Les corps sont coupés, les vies sont arrêtées, les cœurs se figent, la chair refroidit. Sexes, mains, organes disparaissent du réel et réapparaissent dans les fantasmes, les rêves et les cauchemars, les lapsus et les actes manqués. Textes troués, phrases jetées, dés et osselets lancés, scénarii explorés. Blancs, vides, espaces, pauses ; démontage puis remontage ; arrêts, stases, accélérations, suspensions. « Je recopie puis je défais. Comme je le vois faire avec de vieux tricots de laine. » Les récits peuvent être tronqués, les dialogues ne conduisent à aucun dénouement ni solution — et pourtant que de nœuds, de crises, d’assauts, d’explorations ! L’unité artistique n’est plus possible, mais Liliane Giraudon invente, autrement, des manières de dire le monde et d’explorer la vie : « C’était comme si je cherchais une voix dans mon cœur ». Le rouge du sang, de la vie, de la perte de la virginité, des menstrues, des blessures, des coupures, des castrations, des viandes animales et humaines colore les pages d’un livre qui interroge les artistes et les légendes, les artistes et leurs légendes, les légendes sans les artistes. Le noir des ténèbres. Et la transparence de la légèreté, quand elle se fait insolence.
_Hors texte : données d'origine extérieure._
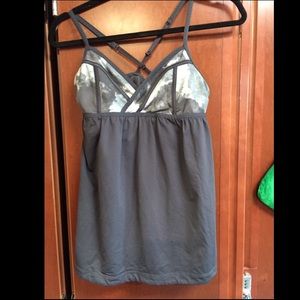 Lulu lemon workout tops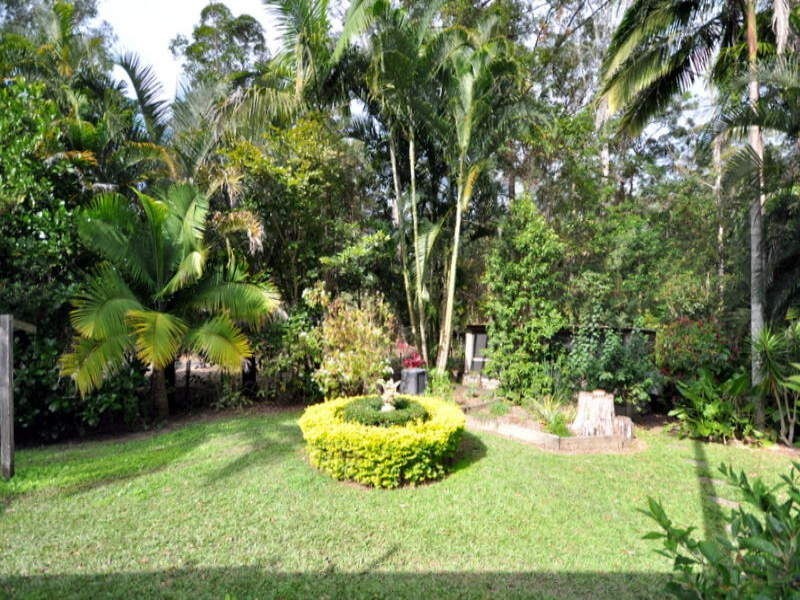 8 Kenny Court, Landsborough QLD 4550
On peut donc ici goûter au travail de la langue dans des dispositifs très différents et souvent fracturés : conte, poème mouvementé choisi par le hasard, tableau théâtral, récit, poème versifié, fragment autobiographique. Goûter, ça veut dire voir, lire, regarder, observer, entendre, imaginer, ingérer. Dans cette viande tous les sens sont convoqués, suscités et ressuscités. Ils sont invités à correspondre dans le sang (c’est chaud c’est rouge ça sent et c’est déjà de l’encre*). Lire c’est toucher. Toucher le livre, c’est aussi être lu, dévoilé déviandé décharné. « Quand écrire c’est supprimer celui ou celle qu’on est. Ou croit être ». La lecture conduit à une mise à nu semblable qui « laisse passer autre chose ».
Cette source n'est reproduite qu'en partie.